TORONTO (miningweekly.com) – Profit margins for zinc miners will probably rise strongly over the next five years, boosted by expected price increases on the back of a widening supply deficit.
According to advisory firm Wood Mackenzie (Woodmac) analyst Jonathan Leng, the next two years, 2016 and 2017, represented the “pinch point” of concentrate supply, with mine-closure-related cuts expected to outweigh new output from projects.
New mines in the pipeline were not nearly as large, and did not boast the high grades that were previously commonplace.
Leng noted that while the price outlook for zinc was dull for 2015, there was potential for an uptick at the end of the year.
The main driver of the zinc market and prices would be the structural issue of whether mine supply growth could keep pace with rising consumption.
“Global zinc consumption is expected to grow steadily by around 500 000 t/y to 2035, which needs to be met by higher mine and smelter output. Meeting this requirement has been made all the more difficult by recent and some major pending closures such as Century and Lisheen,” Leng told an audience during the 2015 Prospectors and Developers Association of Canada’s yearly convention.

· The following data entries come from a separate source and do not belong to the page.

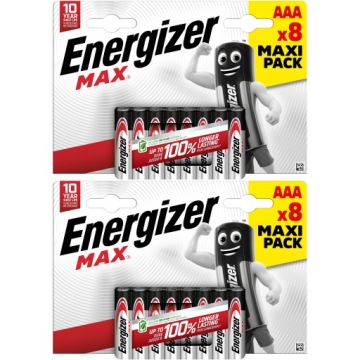 16x Bateria ENERGIZER Max LR03 AAA R3 E92 1,5V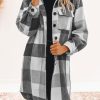 Medium Grey Plaid Button-Down Flap Pocket Long Shacket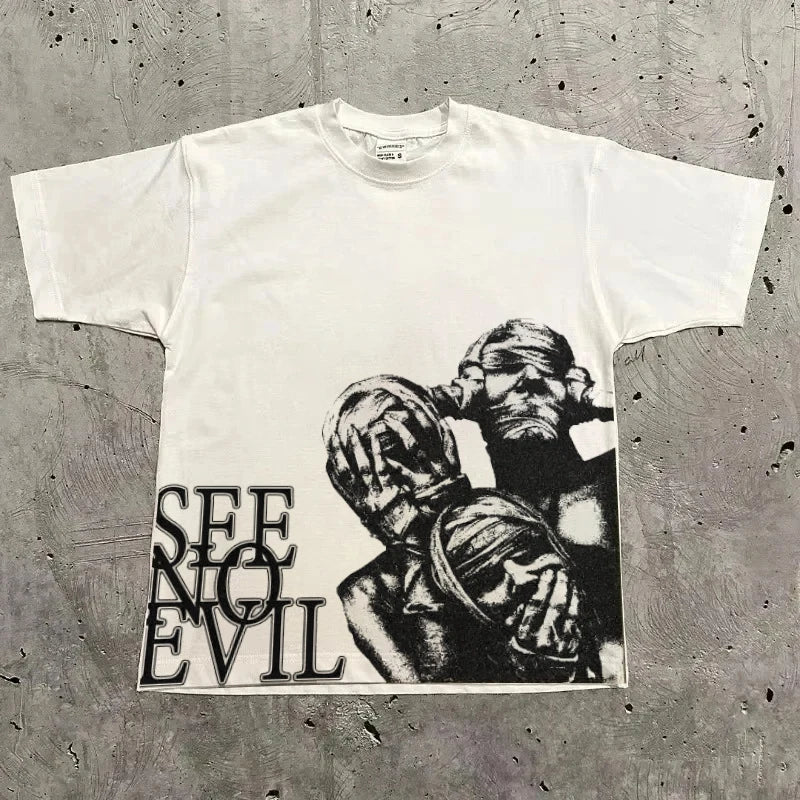 Camiseta gráfica para hombre y mujer, Top Vintage, ropa informal estilo Hip Hop, camiseta de gran tamaño, ropa informal de manga corta, camiseta de moda de verano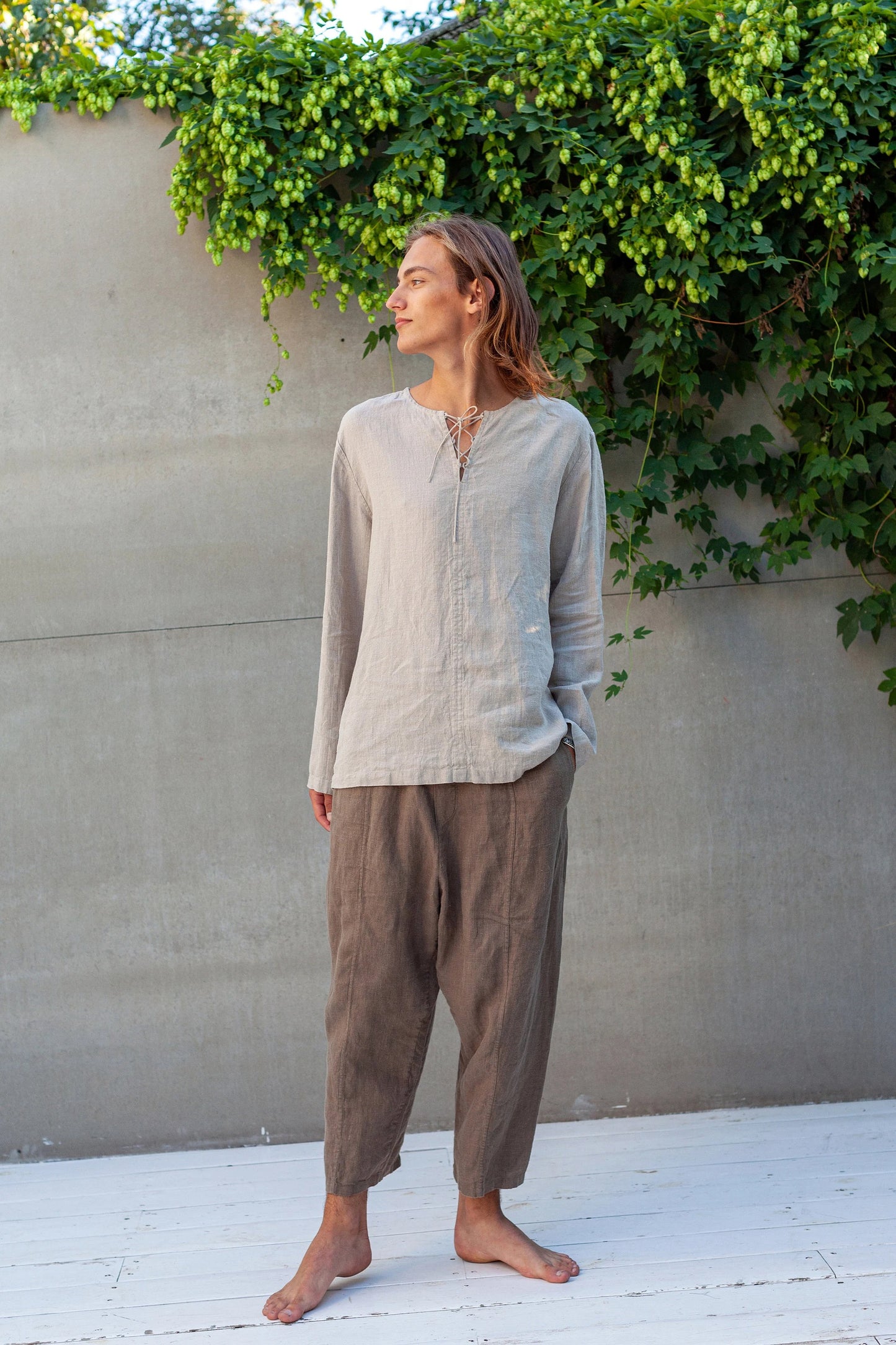 Men’s Relaxed Fit Linen Pants, COCOS Flax Trousers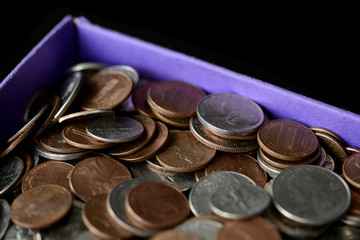 Purple box with American cents close-up. Money background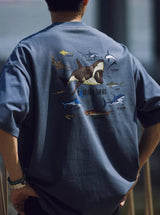 【270グラム】海モチーフシャークプリントT U3980 - SINCEUMM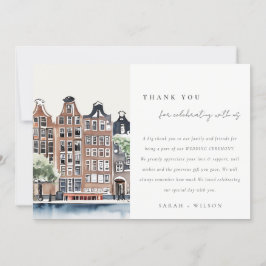 Tarjeta De Agradecimiento Boda del paisaje del canal holandés de Ámsterdam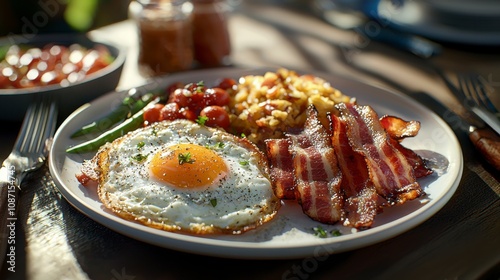 Delicious breakfast plate with fried egg, crispy bacon, and fresh vegetables.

Zinc was currently an important industrial metal, adding about 12 times the strength to steel when used as zinc galvanized steel, while about 37.5 lb of zinc went into each new car. Zinc used in fertiliser had also been shown to improve crop yields by up to 30%. Leng noted that the emerging use of zinc in fertilisers had the potential to add about one-million tonnes to the demand side in the long term.
Woodmac had forecast 2015 to be the fourth year of global refined deficit and the year when the sustained drawdown of general inventories could start to manifest itself in the form of lower exchange stocks, which was expected to support a sharp rise in the zinc price.
“A projected tight refined market, with overall inventory well below the historical average, and sharply declining exchange stocks, lent momentum to further price increases to a cyclical high in 2018,” he advised.
Leng said closures, attrition and demand growth would create the need for 3.8-million tonnes a year of new zinc production by 2020.
However, even if the entire population of currently identified possible and probable projects were built, it would only replace 2.7-million tonnes of the requirement, at an estimated cost of $8.4-billion.
While there was no shortage of projects, few of the more than 400 probable and possible mines had the required quality, or were already at an advanced stage of development, to dampen the widening supply deficit. Many of these projects were also facing technical challenges or political issues.
He pointed out that while the majors had mostly pulled out of zinc project development, leaving it up to the juniors and midsized companies, these companies were dealing with a financing crisis.
“Financing for zinc mine projects remains a key issue. Mining majors are able to access finance to proceed with project development, such as Vedanta, which is advancing the Gamsberg project, in South Africa.
“However, few zinc projects are owned by majors or State-owned entities and financing for juniors continues to be a challenge,” Leng emphasised.
Further, the average cash operating costs at existing mines and advanced-stage projects were forecast to rise by around 11% in real terms over the next five years, with the largest contribution to cash operating cost inflation coming from treatment charges. Higher zinc prices could trigger the reopening of higher cost mines, which would further raise the average operating cost.
“Mine capital cost escalation has eased since 2006/07, but it is still above global inflation,” Leng highlighted.
Overall, strong demand growth, restricted supply and falling stockpiles were pointing to a bright outlook for zinc.